Based on this plot, EUR/USD and GBP/USD have a positive linear association.

To calculate the sample covariance of EUR/USD and GBP/USD between January 01 and March 31, 2017, we execute the following code to arrive at covariance 7.629787e-05:

cov(eurgbp_merged$EURUSD, eurgbp_merged$GBPUSD)

[1] 7.629787e-05

Problem: Being dimensional in nature, calculating just Covariance makes it difficult to compare price series with significantly different variances.
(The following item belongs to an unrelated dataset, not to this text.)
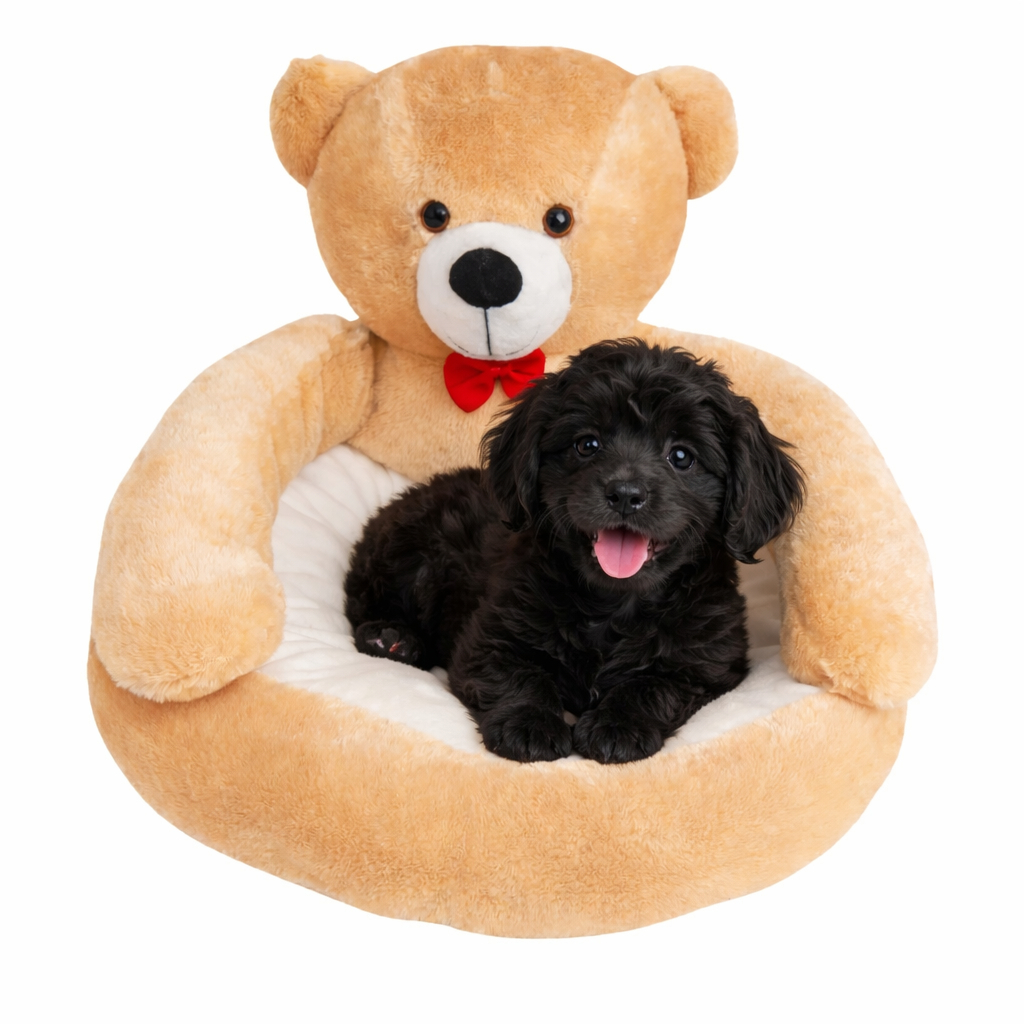 Caminha Pet Cama Para Cachorro e Gato Ursinho Pelúcia Redonda Médio e Pequeno Porte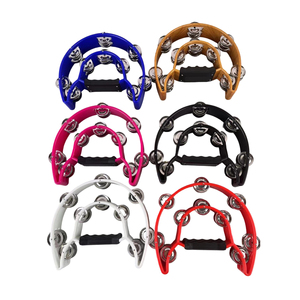 Venta caliente Instrumentos de percusión de metal educativos <span class=keywords><strong>Tambor</strong></span> de pandereta para juguete infantil Pandereta de color rojo - Product Image 1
Solution: Calculate Correlation, which is Covariance normalized by the standard deviations of each price series, hence making it dimensionless and a more interpretable ratio of linear association between two price series.

Mathematically, Correlation ρ(e,g) of EUR/USD and GBP/USD, where $$σ_e$$ and $$σ_g$$ are their respective standard deviations, can be expressed as:

$$ρ(e,g) = \frac{Cov(e,g)}{σ_e σ_g} = \frac{\frac{1}{n-1}\sum_{i=1}^{n}(e_i – \overline{e})(g_i – \overline{g})}{σ_e σ_g}$$

• Correlation = +1 indicates EXACT positive association.
• Correlation = -1 indicates EXACT negative association.
• Correlation = 0 indicates NO linear association.

In R, correlation can be calculated easily using the cor() function.

For example, to calculate the correlation between EUR/USD and GBP/USD, from January 01 to March 31, 2017, we execute the following code to arrive at 0.5169411:

cor(eurgbp_merged$EURUSD, eurgbp_merged$GBPUSD)

[1] 0.5169411

0.5169411 implies reasonable positive correlation between EUR/USD and GBP/USD, which is what we visualized earlier with our scatter plot and line of best fit.

In future blog posts, we will examine how to construct diversified DARWIN Portfolios using the information above in practice.